Type
- Type: Municipal corporation

Leadership
- Mayor: Mukesh Tatwal, BJP
- Municipal commissioner: Mr. Anshul Gupta since 2021

Structure
- Seats: 54
- Political groups: Government (37) BJP (37); Opposition (17) INC (17);

Elections
- Last election: 6 July 2022
- Next election: 2027

Meeting place
- Ujjain, Madhya Pradesh

Website
- www.ujjain.nic.in

= Ujjain Municipal Corporation =

Government of Ujjain, Madha Pradesh, India

Ujjain Municipal Corporation is the governing body of the city of Ujjain in the Indian state of Madhya Pradesh.
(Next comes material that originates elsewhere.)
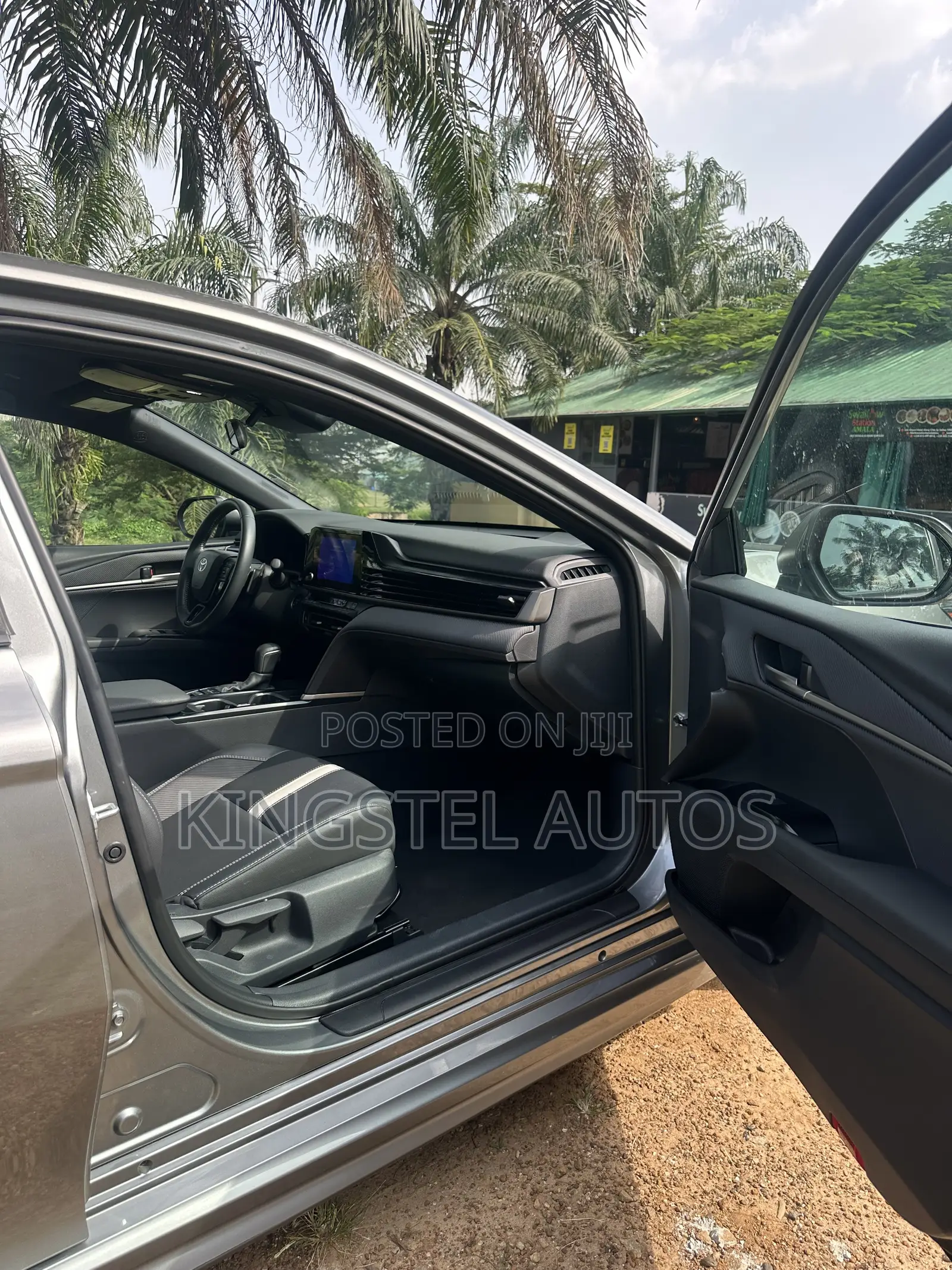 Toyota Camry SE 2025 Gray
The municipal corporation consists of democratically elected members, is headed by a mayor and administers the city's infrastructure and public services. Members from the state's leading various political parties hold elected offices in the corporation. Municipal Corporation mechanism in India was introduced during British Rule with formation of municipal corporation in Madras (Chennai) in 1688, later followed by municipal corporations in Bombay (Mumbai) and Calcutta (Kolkata) by 1762. Ujjain Municipal Corporation is headed by Mayor of city and governed by Commissioner. Ujjain Municipal Corporation has been formed with functions to improve the infrastructure of town.

==History==
Ujjain has been a metropolitan municipality with a mayor-council form of government. Ujjain Municipal Corporation (UMC) was established in 1956 under the Madhya Pradesh Nagar Palika Nigam Adhiniyam. The UMC was established in the year 1886 as Nagar Palika but the Municipal Corporation of Ujjain was declared on par with Gwalior Municipal Corporation. The UMC is responsible for public education, correctional institutions, libraries, public safety, recreational facilities, sanitation, water supply, local planning and welfare services. The mayor and councillors are elected to five-year terms.

== Revenue sources ==
The following are the Income sources for the Corporation from the Central and State Government.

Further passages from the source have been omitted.